It’s been a very busy two weeks of travel. First, Russia.
Politically, Russia has moved backwards. During the last four years, the team of Vladimir Putin and Dmitry Medvedev offered hope for all. The oligarchs and conservative siloviki (police and security and former KGB) who supported Putin were balanced by western leading liberals who supported Medvedev and looked toward a Russia that was more open, law-abiding, and democratic. But the effective deposition of Medvedev (although he continues as Prime Minister) and Putin’s clearly arranged return to the Presidency seems to have soured the liberals. It seems far less likely that democratic reforms will grow out of gradual institutional reform led from within the government. Instead, liberals and regime opponents are taking to the streets, and protesting in the Duma (where opposition parties have a few representatives), and speaking increasingly freely in public, in the universities, and the media.

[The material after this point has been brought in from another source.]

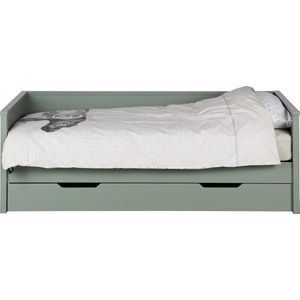 WOOOD Nikki Bedbank incl Matras/bedlade - Grenen - Groen - 208x100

Where will this lead? The regime is already reacting with a very heavy hand. The female rock musicians of the band Pussy Riot were not only arrested for a performance marked by lyrics that were critical of the regime; they were sentenced to hard time in some of the worst prisons in Russia along with murders and rapists. The aide to an opposition member of the Duma (Russia’s Parliament) was arrested and declared to have voluntarily signed a ten-page confession of his plans to disrupt Moscow with mass riots. New laws were just passed that will make it a crime to report problems in Russia to any foreign government or international organization. (See this story).
At the same time, Russia is seeking to open up economically and intellectually. Russian leaders at the local and national level want innovation, investment, more contact with foreign firms and capital. Universities want visits and collaboration with western academics. The new innovation center in Skolkovo is signing up foreign firms, scientists, and engineers.

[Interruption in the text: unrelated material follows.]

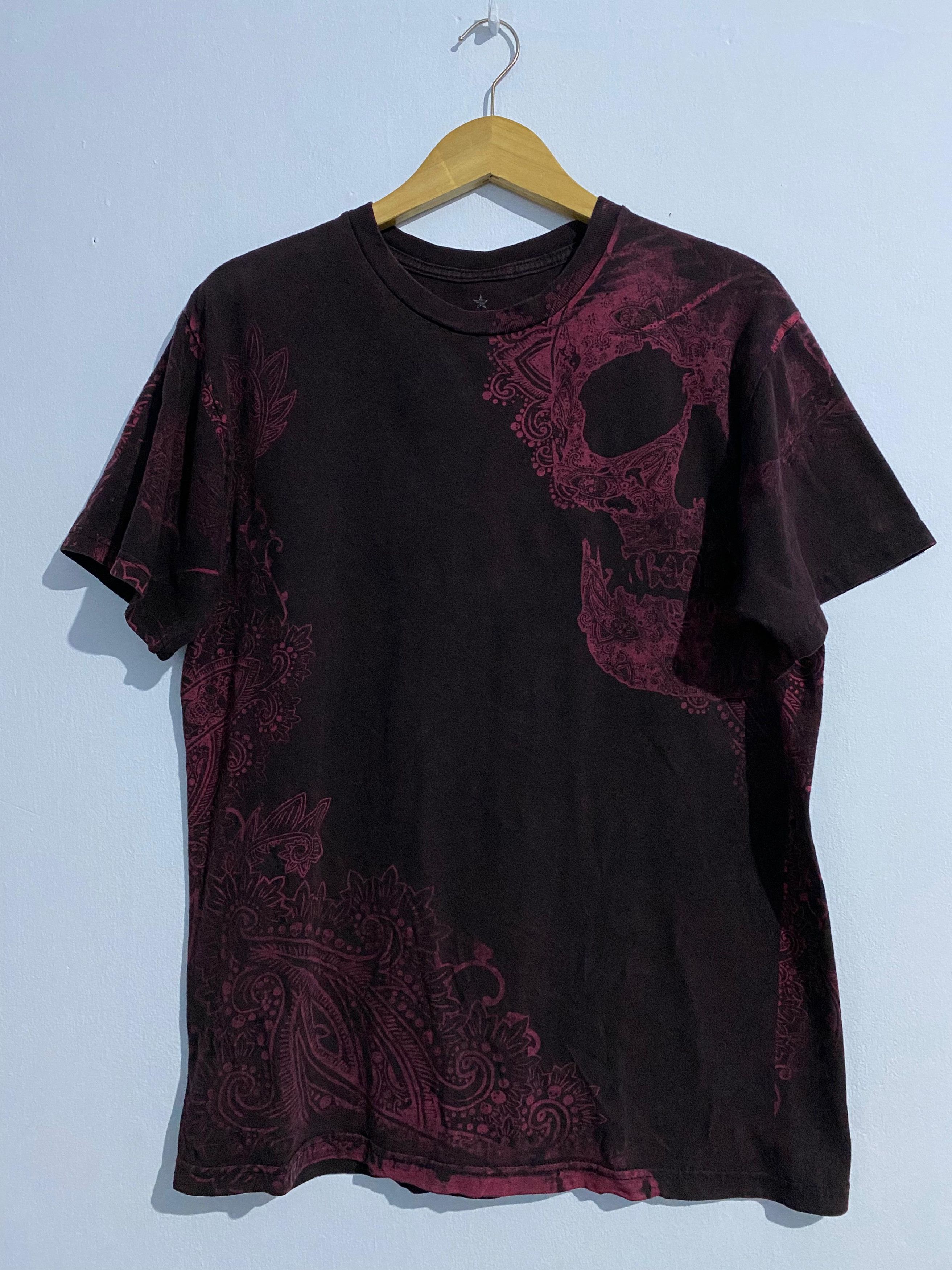 Japanese Brand la Vida lmita El arte California tshirt pink Skull paisleys Size US L / EU 52-54 / 3 - 1 Thumbnail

Who will win this tug of war?
In my view, the authorities’ return to heavy-handed Soviet-style tactics will be counter-productive. The more that liberals become convinced that the regime is hopelessly retrograde, dangerous, and irresponsible, the more that liberals and opponents will be motivated to act sooner rather than later to stop it.
Both Russia and China are in an interesting phase. Russia’s economy remains dependent on exports of oil, gas, and minerals; China’s economy remains dependent on relatively cheap but disciplined and productive labor. But both countries realize this dependence is becoming dangerous: Russia’s fossil fuel exports are threatened by new oil discoveries in Africa and the Mediterranean and expansion of oil output in Iraq, as well as by US fracking and rising gas output in Qatar and central Asia. China’s cheap exports are threatened by competitive labor in south Asia and rising wages in China itself. So both are looking to move to higher-value, innovation-led production. Yet they are trying to do so while still making every effort to control information and the spread of knowledge and ideas.
Supporting education and international business and scientific contacts to promote innovation makes people more impatient with central control of information. Yet the protests and growing autonomy of thought makes the authorities ever more watchful and repressive.
Clearly something has to give. The only question is when and where will it happen first. Just as in the cold war Russia and China were the two largest countries serving as examples of communism, today they are the two largest examples of authoritarian, state-supervised capitalism. If that system fails in one of these countries, I doubt it will survive for long in the other.